Work item:
Repeat exactly the stretch of lines that starts with the one containing "箱を作る速度は本物。ただし業務として成立させる部分は人間のレビューが要る" and ends with the last line of the material. Leave out pictures.

Provided information:
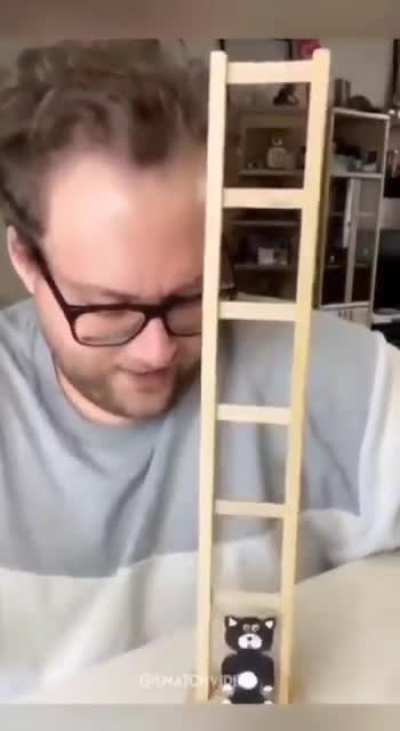 Title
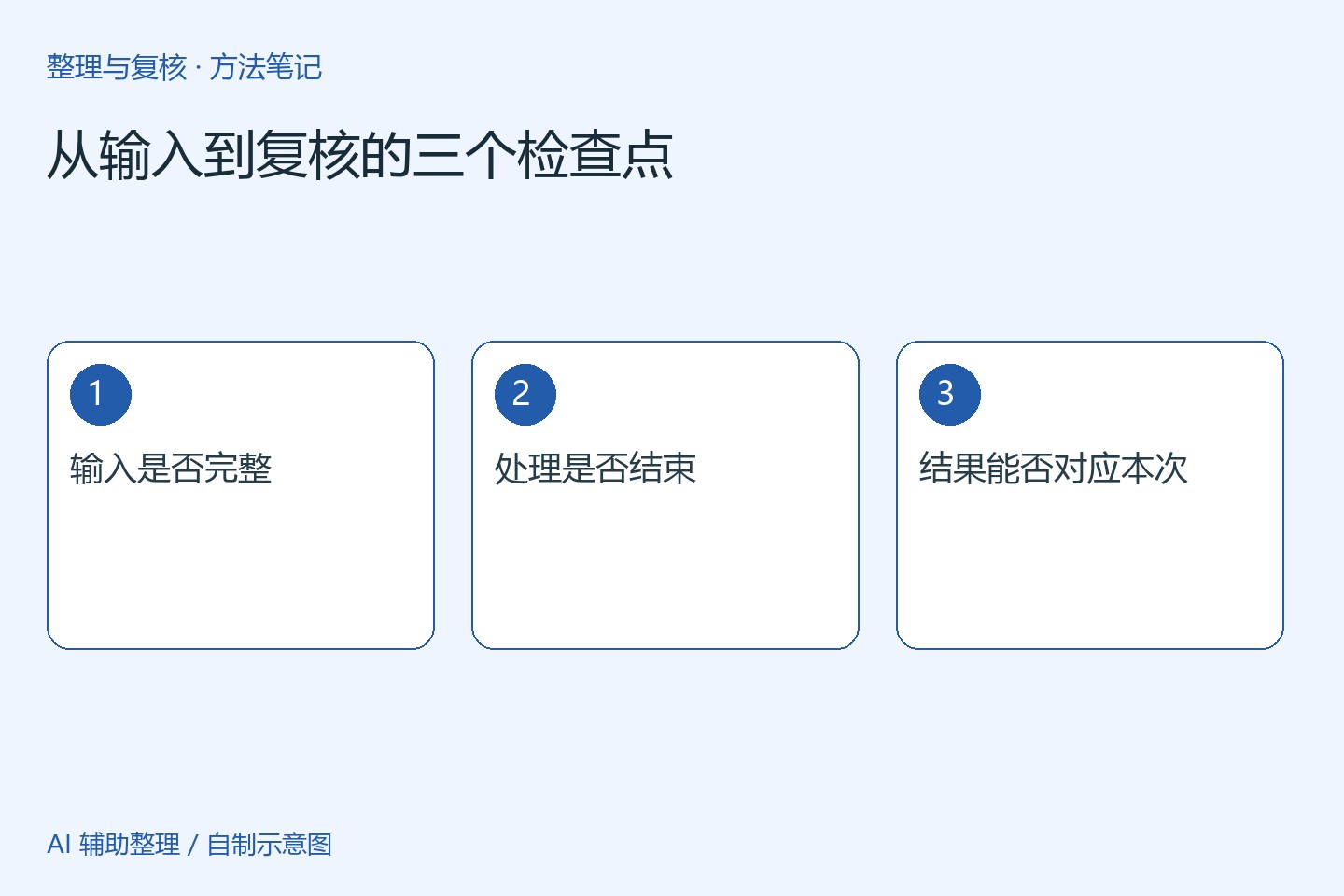 资料检查流程示意图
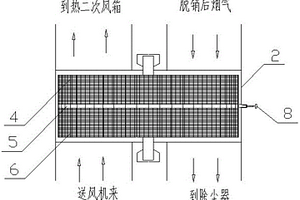 带中部声波吹灰的自清洁回转式空气预热器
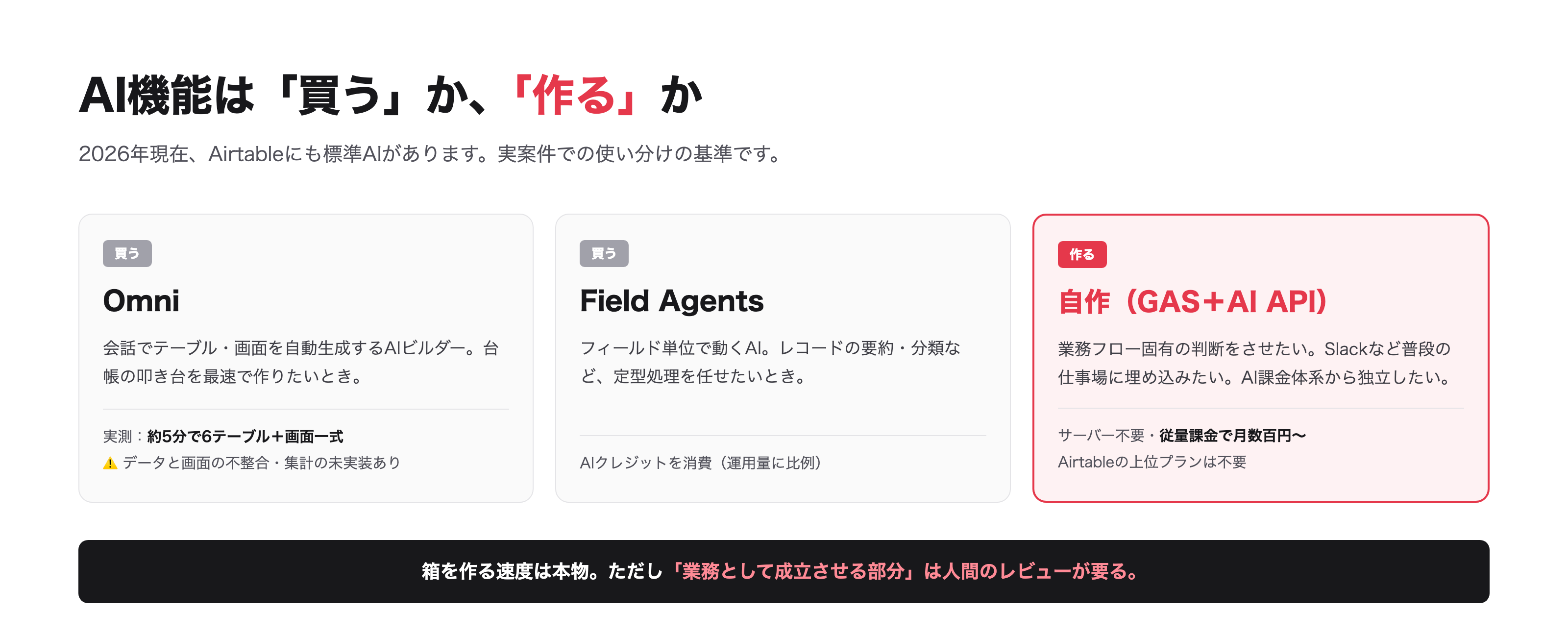 箱を作る速度は本物。ただし業務として成立させる部分は人間のレビューが要る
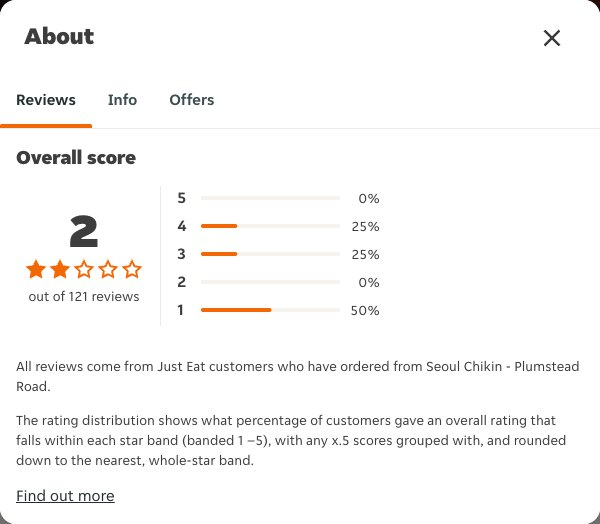 Just Eat rating, total reviews and rating distribution for Seoul Chikin - Plumstead Road at the capture date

Written solution:
 箱を作る速度は本物。ただし業務として成立させる部分は人間のレビューが要る
 Just Eat rating, total reviews and rating distribution for Seoul Chikin - Plumstead Road at the capture date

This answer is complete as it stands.